__REQUIRED ACTION__:
Write out the entries exactly, pictures excluded.

↓↓↓

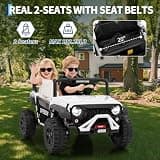 GarveeLife 2-Seater 4WD Ride-On UTV with 22mm Steel Frame and Solid Terrain Tires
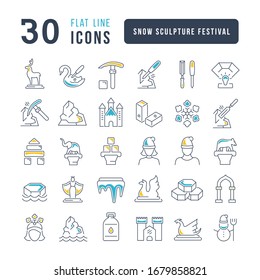 Set vector line thin icons of snow sculpture festival in linear design for mobile concepts and web apps. Collection modern infographic pictogram and signs.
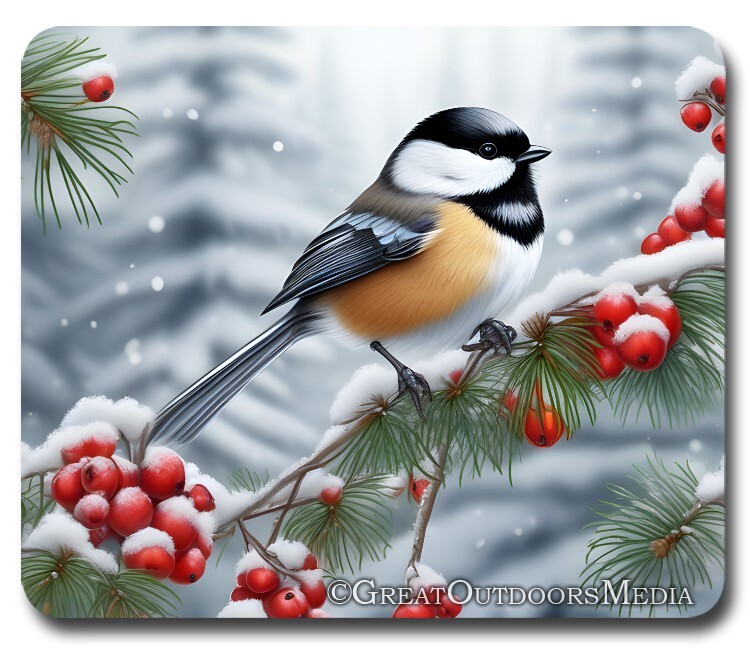 Chickadee in Winter ~ Mouse Pad / Mousepad ~ Bird Watching Feeder Birding Gift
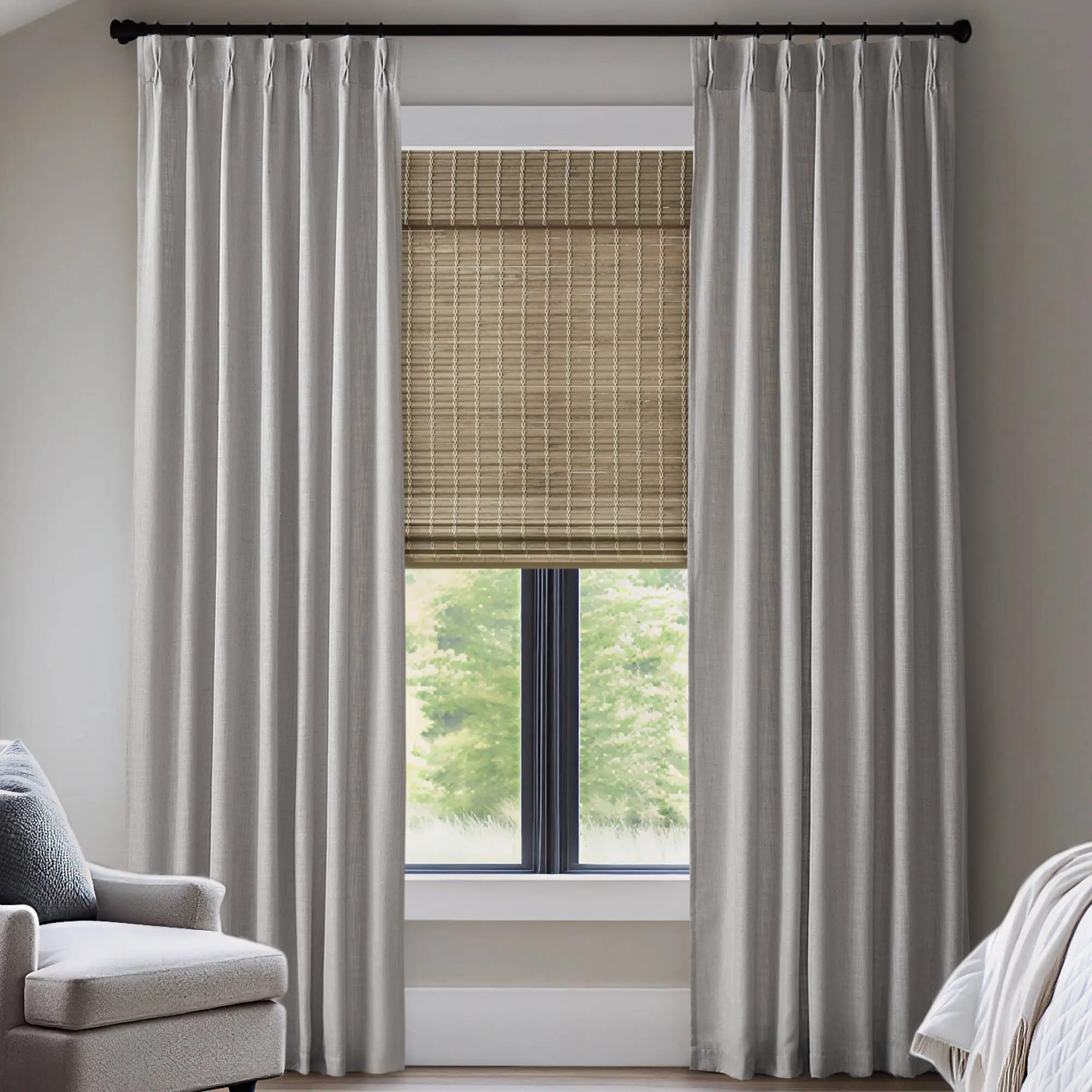 Nokaa 2-Piece 40x84 Inch 300GSM Poly Linen Curtain Set with 7 Pinch Pleats Per Panel, Heavyweight Textured Window Drapes for Living Room Bedroom, Light Filtering Semi-Sheer Privacy Curtains, 2 Panels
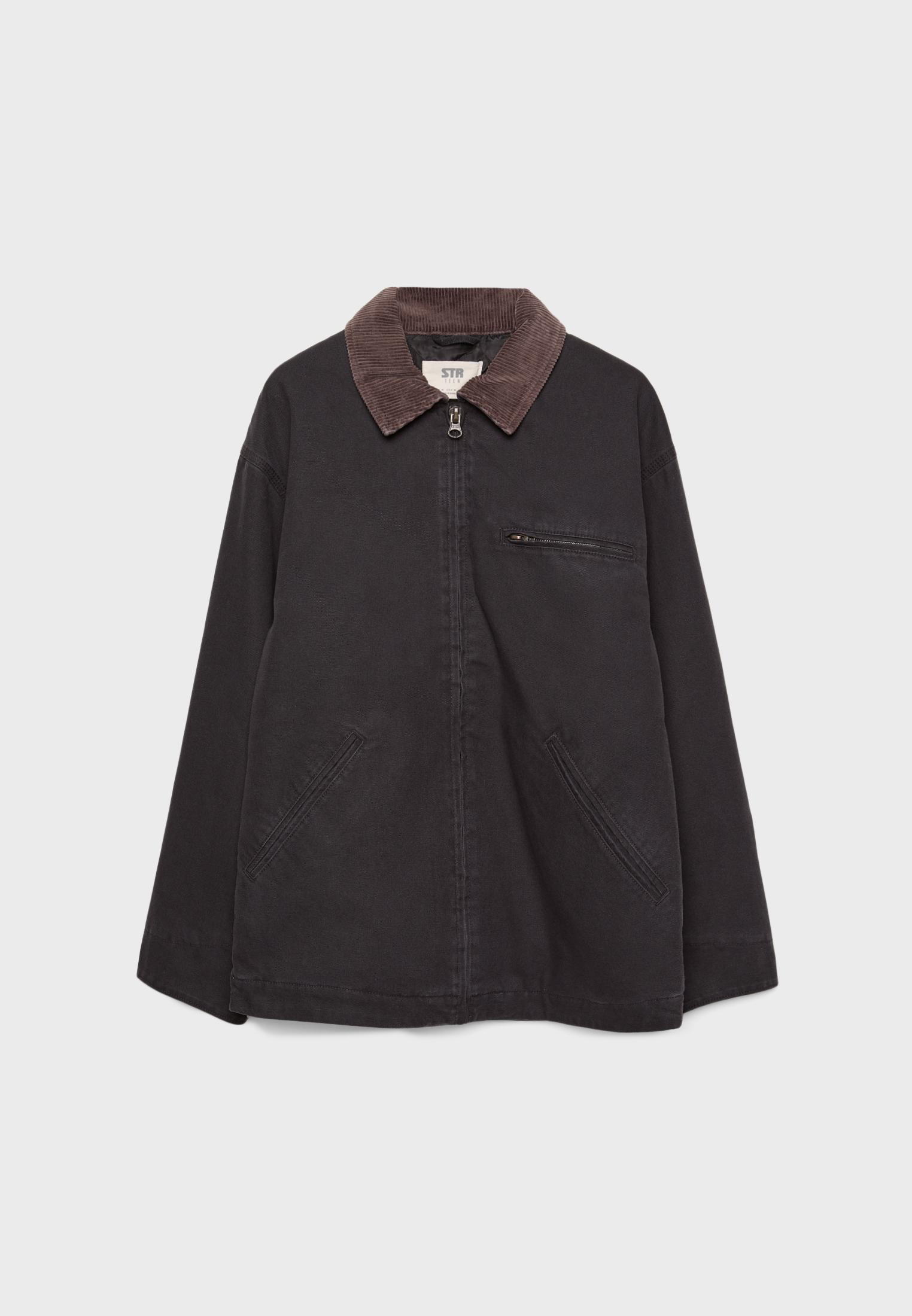 Jacket with pockets and a contrast collar - Women's Jackets | Stradivarius United Kingdom | Stradivarius (UK)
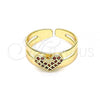 Oro Laminado Baby Ring, Gold Filled Style Heart Design, with Garnet Micro Pave, Polished, Golden Finish, 01.233.0020.1 (One size fits all)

↑↑↑

__YOUR RESPONSE__:
 GarveeLife 2-Seater 4WD Ride-On UTV with 22mm Steel Frame and Solid Terrain Tires
 Set vector line thin icons of snow sculpture festival in linear design for mobile concepts and web apps. Collection modern infographic pictogram and signs.
 Chickadee in Winter ~ Mouse Pad / Mousepad ~ Bird Watching Feeder Birding Gift
 Nokaa 2-Piece 40x84 Inch 300GSM Poly Linen Curtain Set with 7 Pinch Pleats Per Panel, Heavyweight Textured Window Drapes for Living Room Bedroom, Light Filtering Semi-Sheer Privacy Curtains, 2 Panels
 Jacket with pockets and a contrast collar - Women's Jackets | Stradivarius United Kingdom | Stradivarius (UK)
 Oro Laminado Baby Ring, Gold Filled Style Heart Design, with Garnet Micro Pave, Polished, Golden Finish, 01.233.0020.1 (One size fits all)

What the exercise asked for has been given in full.